A origem de “A Sopa de pedras” tem as suas


raízes no folclore europeu. Há inúmeras variantes
desta história em França, na Suécia, na Ásia, em
Inglaterra, na Bélgica, em Portugal e em muitos
outros países. Na sua versão mais corrente, a sopa
é feita com pedras. Mas, noutras, é feita com um
prego, um machado e até com botões de osso.

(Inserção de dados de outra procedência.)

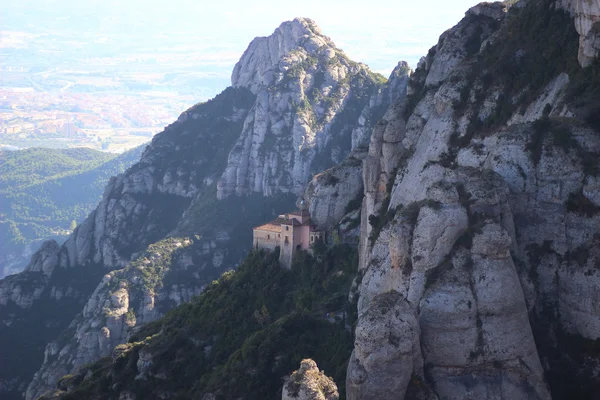 Góry Montserrat w Katalonii, w Hiszpanii — Zdjęcie stockowe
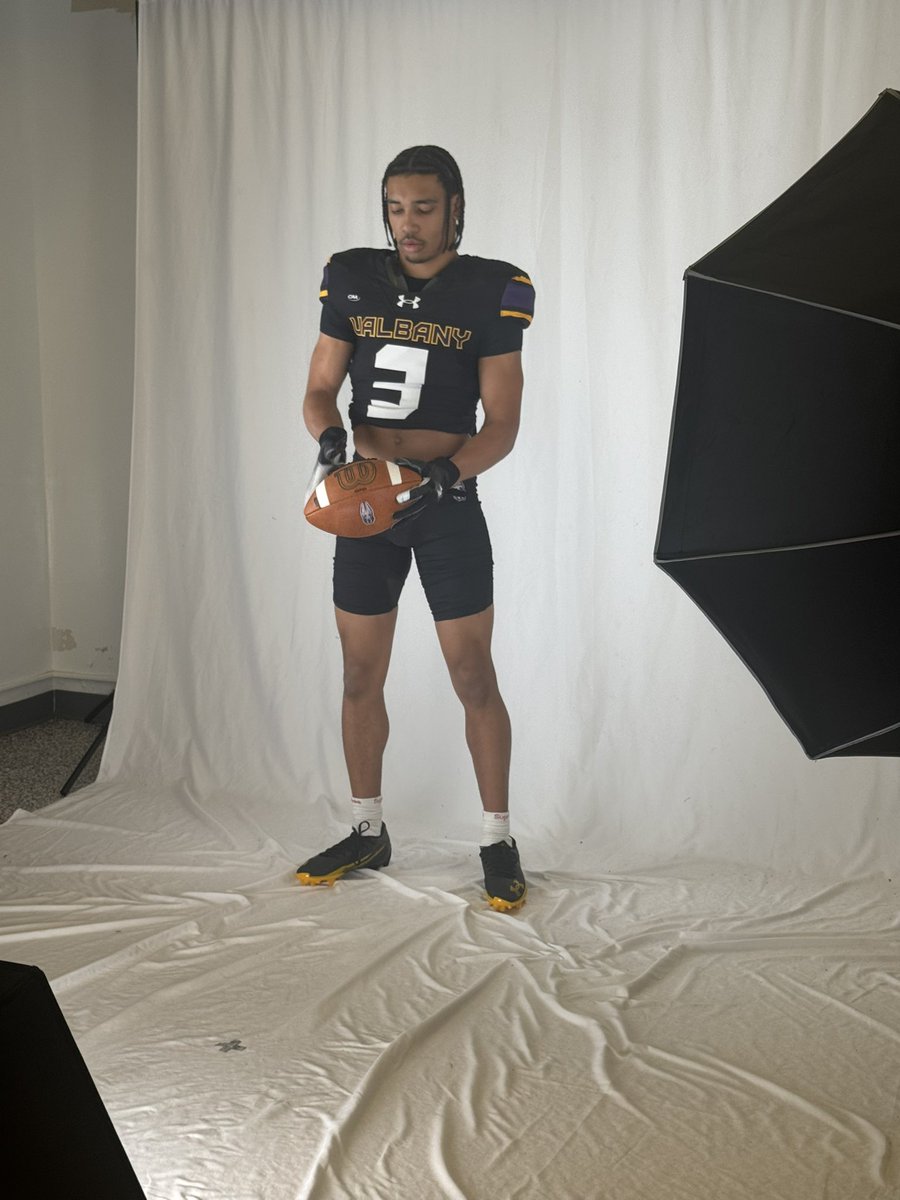 Daniel Growney tweet media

Existem histórias parecidas com esta na Jamaica (o
tema é uma panela que faz a sopa), na Coreia (uma
árvore mágica que dá bolos), e nas Filipinas (onde
um chapéu paga as farturas).
Segui a forma tradicional da “sopa de pedras” e
situei-a na China. Também utilizei a tradição budista
segundo a qual “seres divinos” iluminavam
particularmente os espíritos que não procurassem
benefícios só para si. Hok, Lok e Siew têm uma
grande importância na tradição chinesa. São três
divindades que concedem saúde, riqueza e
prosperidade: Hok simboliza a sorte e a
prosperidade, Lok, a saúde, a felicidade familiar e o
amor mútuo. Siew, a longevidade, uma vida isenta
de agitação e obstáculos. Aqui tomam a forma de
três monges zen.
Na cultura asiática, como noutras, determinados
símbolos têm um significado particular. No passado
longínquo da China, o amarelo, cor do sol, só era
usado pelos reis. Embora a menina vestida de
amarelo da nossa história não seja nenhuma
imperatriz, ela é quem serve de intermediário… O
salgueiro mencionado no final do conto é um
símbolo evidente da partida, da separação. E muitos
outros pormenores.
Monges poetas zen percorreram desde sempre
as montanhas suspensas nas nuvens. Acredito que,
alguns deles, tenham chegado a uma aldeia de
casas e habitantes lúgubres, e tenham feito o
mesmo que Hok, Lok e Siew fizeram neste conto.